I've re-written this reply 3 times, as each time I look at the chart I get different ideas. 🤣

According to the chart, Rhone/GSM is medium body, weighted towards the top that segment of the scale. What ratio of Grenache, Syrah, and Mourvedre are you planning? Let's say 50%/25%/25% for discussion purposes.

How "pure" does the Rhone-style blend need to be? If it's Rhone-only grapes, that restricts the list quite a bit.

I like the idea of adding Carignan, but it's going to reduce body. So the balancing act is to increase the body that Carignan reduces, by decreasing Grenache and/or increasing Syrah. For Grenache/Carignan/Syrah, you could go 40%/10%/50% or 40%/20%/40%. I thought of other ratios, but the list of choices is lengthy.

If you have wiggle room on purity, I'd consider replacing the Mourvedre with 2 parts Carignan and 1 part Cabernet Sauvignon.
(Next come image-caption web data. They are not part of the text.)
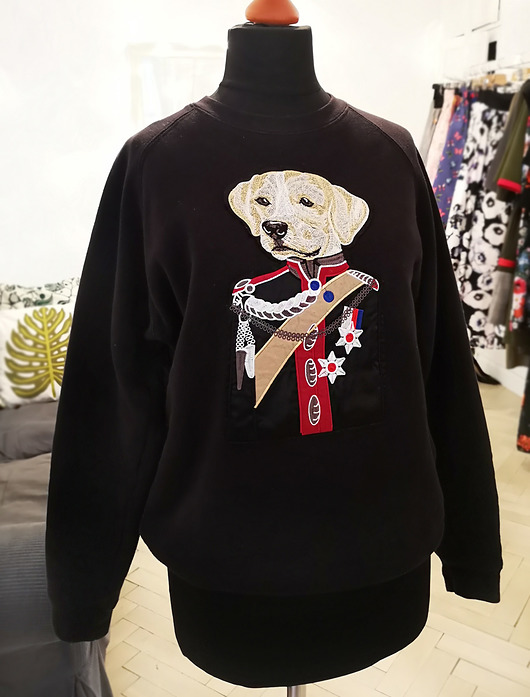 bluza bez kaptura damska Bluza z psem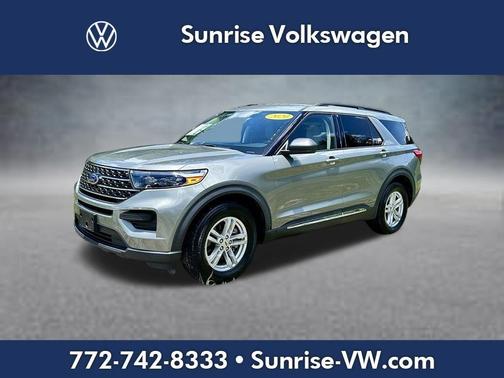 Silver Spruce Metallic 2020 Ford Explorer XLT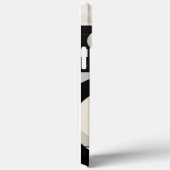 Black and White Retro Iphone case (Achterkant / Rechts)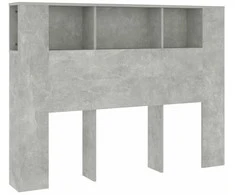 Galvūgalis-spintelė, betono pilkos spalvos, 140x18,5x104,5cm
There are other choices, I'm just tossing out one.

Honestly? Looking at the list of grapes -- regardless of what you choose, you'll have a blend that is pleasing. Don't over-think this -- you'll drive yourself insane.

Last fall I made 2 field blends, using (hopefully) educated guesses to make my choices. One is 67% Merlot, 33% Blend (equal parts Cab Sauv, Cab Franc, Malbec, Petit Verdot), and the other is 40% Merlot, 40% Zinfandel, 20% Blend. I am wildly pleased with both, as green as they are now.

This fall I'm looking at a Rhone-style blend; However, while I can get Syrah, Mourvedre, and Petit Sirah, I cannot get Grenache. I'm debating going with a very heavy red, or figuring out what I can lighten it with. I want to go with a "pure" blend, but may have to sacrifice my principals in favor of what grapes I can get. ;)
 
I’m in the same boat as the OP. I can get Petit Verdot but I don’t have any experience with that grape. Would that be a good option?
 
I’m in the same boat as the OP. I can get Petit Verdot but I don’t have any experience with that grape. Would that be a good option?
IMO, yes. Search for "Petit Verdot" in this forum -- in several recent threads folks have spoke of the benefit of adding a small amount of Petit Verdot radically improves their wine. If @Jbu50 had it in his lists, I would have recommended it.

This is an area where it's impossible to give specific advice. In general, all the Bordeaux grapes blend well. All the Rhone grapes blend well. These blend well with Italian grapes. Honestly, it's going to be impossible for you to produce a bad blend using any of these grapes. (let's not leave out Spanish).

My best guess is to use the above chart and take a stab at a given body level. Keep in mind that chart is an approximation, as the grapes vary from year to year, and the location makes a difference. You are making an educated guess.

Commercial wineries don't guess, because they can make dozens or even hundreds of barrels of each grape, and blend. Compared to us, they have unlimited resources. I can't do that, so I read about the grapes, I read about blends (commercial and from folks on this site), and I say $&#* it and roll the dice. 🤣

Stick with grapes we know that blend, e.g., Bordeaux & Rhone, and you are going to be happy with the result.
 
IMO, yes. Search for "Petit Verdot" in this forum -- in several recent threads folks have spoke of the benefit of adding a small amount of Petit Verdot radically improves their wine. If @Jbu50 had it in his lists, I would have recommended it.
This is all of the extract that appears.